Exhibition opens on Sat 23 November to 30 Nov. Located in Jetty Road, Glenelg next to Home Basics, 3 doors from Partridge Streets. Open daily 10 am to 4pm.

Thursday 6th June, 2013
For the last 6 months I've been working exclusively with pastels. I decided to work small. By small I mean from 5x5" to say 10x12".

Working small encourages me to paint daily, ignore detail and work at a speed considerably faster than normal. My aim is to keep the pastel painting as clean as possible and avoid mixing on the paper. To achieve this you need plenty of pastels and I never seem to have enough. Because most of my output has been somewhat experimental, I've been using sugar paper - recycled newsprint not easily found in art supply shops in Adelaide. Most suppliers have never heard of it. I also find that drawing in ink (black marker pens) quickly establishes your darks and somehow makes the pastel part noticeably easier. Last year I did quite a few paintings with a pen and ink foundation before applying the pastels and became quite interested in the possibilities. Working small with black markers is simply a variation on pen and ink and provides a much stronger starting point. Examples of these experiments are shown on the Gallery.

Tuesday 22nd January, 2013
I've been experimenting with small pastel paintings for the last couple of months. By small I mean 5x5", Why small? 1. Because it's possible to do them quickly 2. Quick means I have no time to fiddle 3. Encourages me to use fewer strokes of the pastel 4. Means I can do several at one sitting thereby encouraging daily doses.

This concept came to my notice through following the art exploits of Tony Allain in NZ. I attended his 2 day workshop here in SA about 2 or 3 years ago and one of the main things I learned was that he paints very fast using as few strokes as possible to complete each painting. More recently, Tony started using sugar paper and black marker pens before adding the pastel colours to his small pictures. He also begins painting immediately with no preliminary drawing. Anyhow, I like the concept of small and so do many art buyers.

Monday 20th August, 2012
As we do every August, we're in Broome WA. The year is a special. One week ago our son was married on a pearling lugger. A wonderful spectacle with Indian Ocean as background.
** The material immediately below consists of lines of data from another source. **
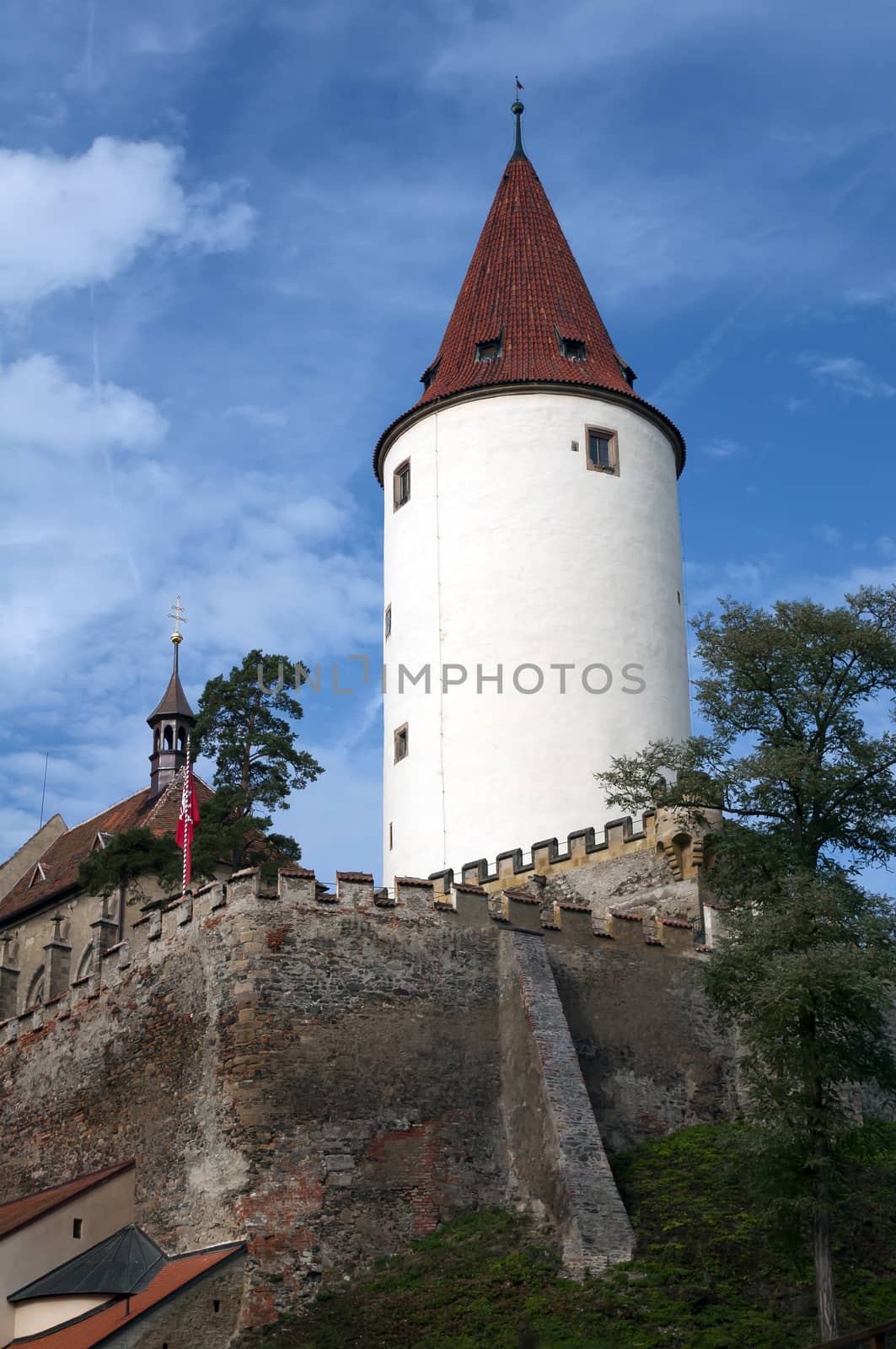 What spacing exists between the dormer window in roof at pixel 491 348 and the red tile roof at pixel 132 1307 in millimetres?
22559

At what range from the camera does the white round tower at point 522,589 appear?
35094 mm

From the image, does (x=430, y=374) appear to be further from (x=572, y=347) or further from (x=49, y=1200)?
(x=49, y=1200)

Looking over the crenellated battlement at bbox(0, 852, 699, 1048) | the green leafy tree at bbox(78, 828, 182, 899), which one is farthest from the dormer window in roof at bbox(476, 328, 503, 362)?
the crenellated battlement at bbox(0, 852, 699, 1048)

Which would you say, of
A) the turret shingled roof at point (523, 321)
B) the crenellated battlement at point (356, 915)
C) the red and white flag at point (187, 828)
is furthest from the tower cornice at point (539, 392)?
the crenellated battlement at point (356, 915)

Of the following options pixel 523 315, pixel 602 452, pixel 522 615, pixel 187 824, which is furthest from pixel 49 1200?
pixel 523 315

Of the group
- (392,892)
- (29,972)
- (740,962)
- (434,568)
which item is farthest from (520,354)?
(29,972)

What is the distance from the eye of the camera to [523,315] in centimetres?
4012

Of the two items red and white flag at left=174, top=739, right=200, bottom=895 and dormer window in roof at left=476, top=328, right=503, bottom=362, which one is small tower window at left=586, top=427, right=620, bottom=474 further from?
red and white flag at left=174, top=739, right=200, bottom=895

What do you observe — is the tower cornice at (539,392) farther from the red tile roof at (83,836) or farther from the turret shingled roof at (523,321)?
the red tile roof at (83,836)

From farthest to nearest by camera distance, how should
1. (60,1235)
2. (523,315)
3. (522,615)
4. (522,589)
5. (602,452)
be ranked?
1. (523,315)
2. (602,452)
3. (522,589)
4. (522,615)
5. (60,1235)

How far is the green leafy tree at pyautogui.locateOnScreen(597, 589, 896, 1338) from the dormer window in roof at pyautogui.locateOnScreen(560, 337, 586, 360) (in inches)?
611

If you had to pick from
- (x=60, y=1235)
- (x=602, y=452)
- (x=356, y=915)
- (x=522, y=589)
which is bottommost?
(x=60, y=1235)

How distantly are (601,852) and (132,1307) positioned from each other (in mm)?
13209

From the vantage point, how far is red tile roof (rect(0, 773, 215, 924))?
48.8m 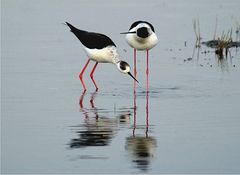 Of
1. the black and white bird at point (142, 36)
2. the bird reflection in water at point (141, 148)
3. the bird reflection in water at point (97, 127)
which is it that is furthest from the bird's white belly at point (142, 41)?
the bird reflection in water at point (141, 148)

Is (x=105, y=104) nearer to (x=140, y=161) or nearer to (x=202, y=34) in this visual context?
(x=140, y=161)

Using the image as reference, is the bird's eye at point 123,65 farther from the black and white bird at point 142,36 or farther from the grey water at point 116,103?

Daughter Kate and Gianfranco made the trip from Italy just to be here on this occasion of occasions. I spent a day last week with Broome photographer Nigel Gaunt learning more about digital. I'm beginning to see photography as an extraordinary art form. Meanwhile in Adelaide South Australian Watercolour Society (SAWS) is up and running thanks to the inspiring effort by President Gerhard Ritter. He even found a home for the society at Athelstone Community Centre. Well done Gerhard.

Older News...
Rotary Art Shows still remain the main opportunity for artists like me to display the latest works. But even Rotary is feeling the economic pinch as the art market in Oz right now is tough. Some galleries are doing it real tough. Being a member of art societies also helps artists a lot.

I'm a Fellow of the Royal South Australian Society of Arts, a member of Pastel Artists of South Australia, a rapidly emerging society and I'm also a member of the Adelaide Art Society.

The big news in Adelaide is the formation of a new watercolour society called South Australian Watercolour Society (SAWS). This society is the brain child of Gerhard Ritter, a long time heavy hitter with the Royal Society. Stand by for more news about SAWS.